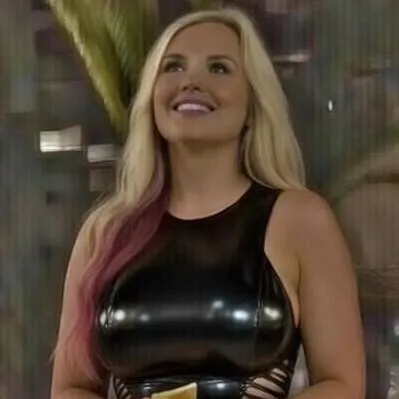 chat with ai character: jesse DeGroot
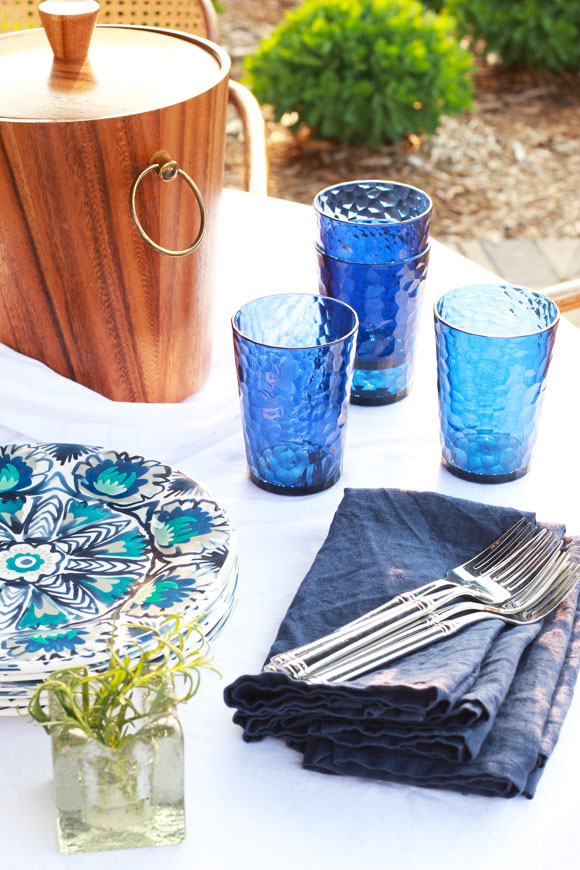 Dressed to Entertain: Mediterranean Dinner | Perpetually Chic for Channeling Contessa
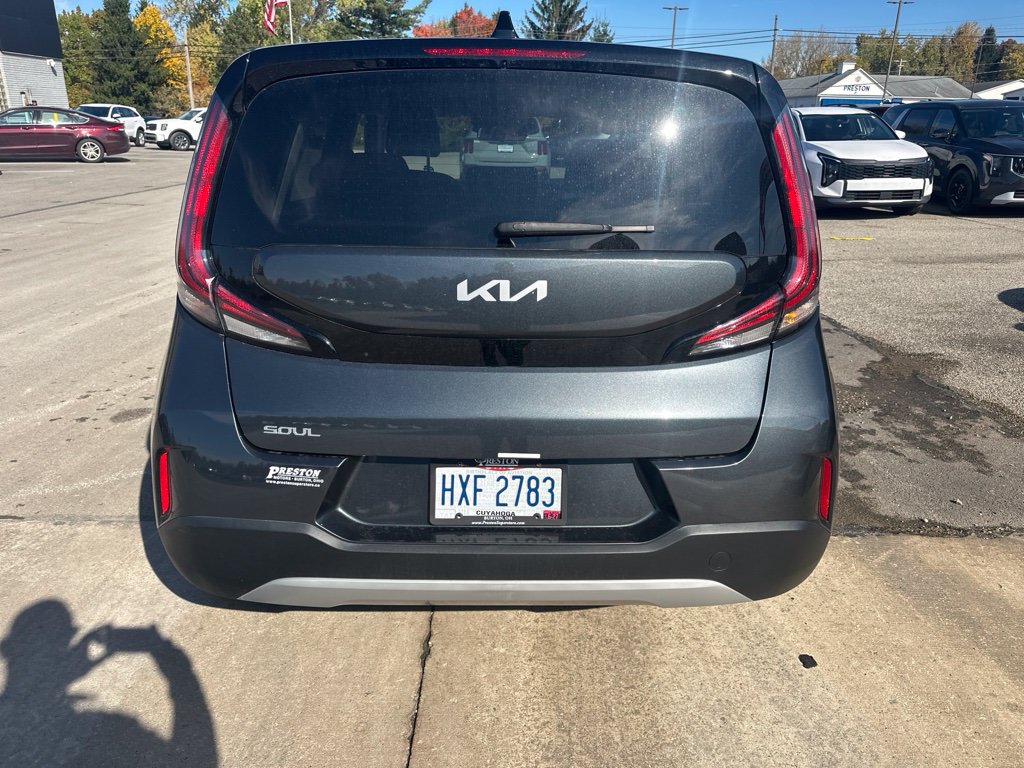 Used 2024 Kia Soul LX FWD image 6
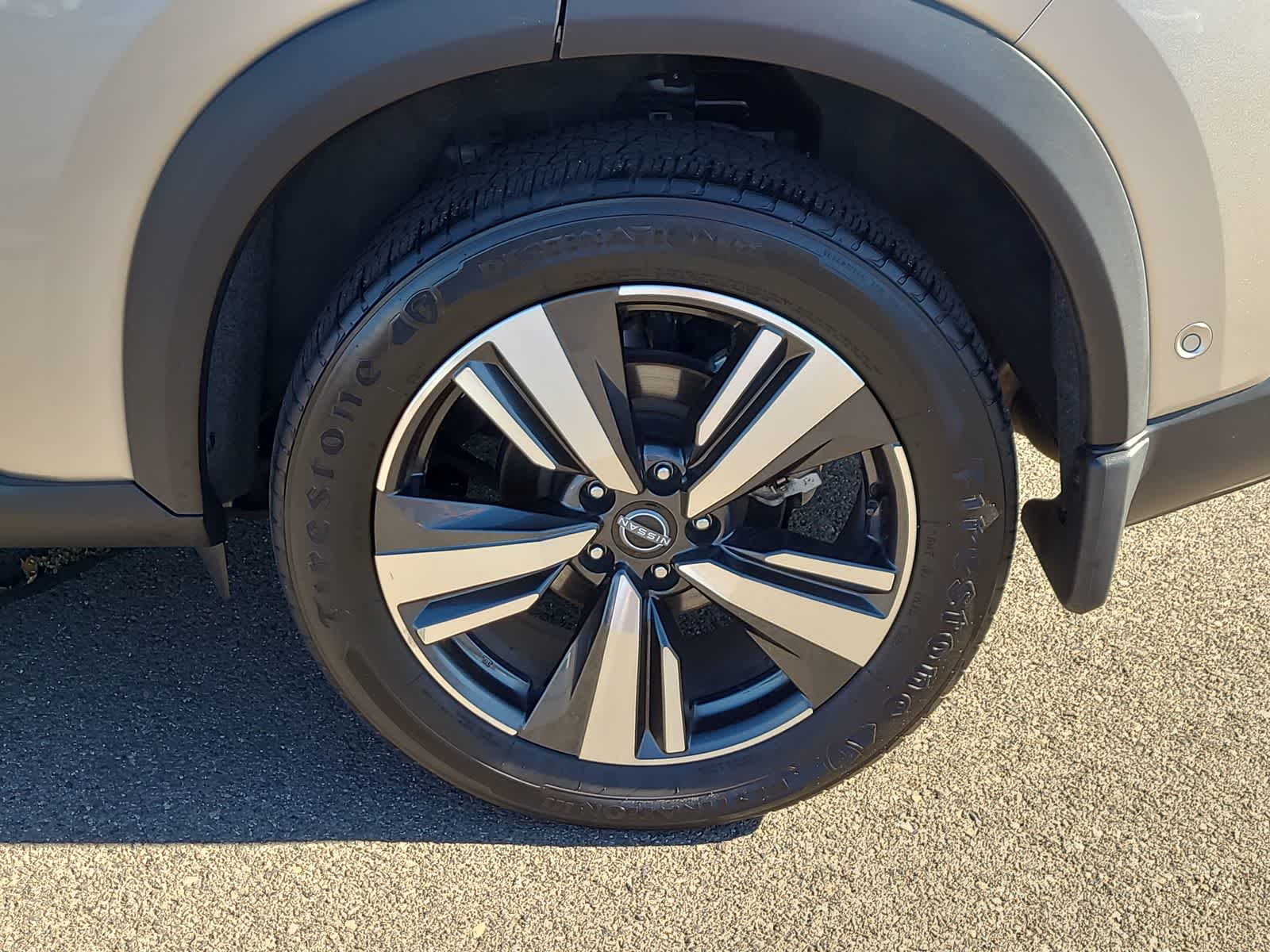 Thumbnail: 2022 Nissan Rogue - 16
━━━━
Your answer must be exactly the lines from the one with "Dressed to Entertain: Mediterranean" through the final line of the data, with no pictures in it.

■ **Reply to the task**:
 Dressed to Entertain: Mediterranean Dinner | Perpetually Chic for Channeling Contessa
 Used 2024 Kia Soul LX FWD image 6
 Thumbnail: 2022 Nissan Rogue - 16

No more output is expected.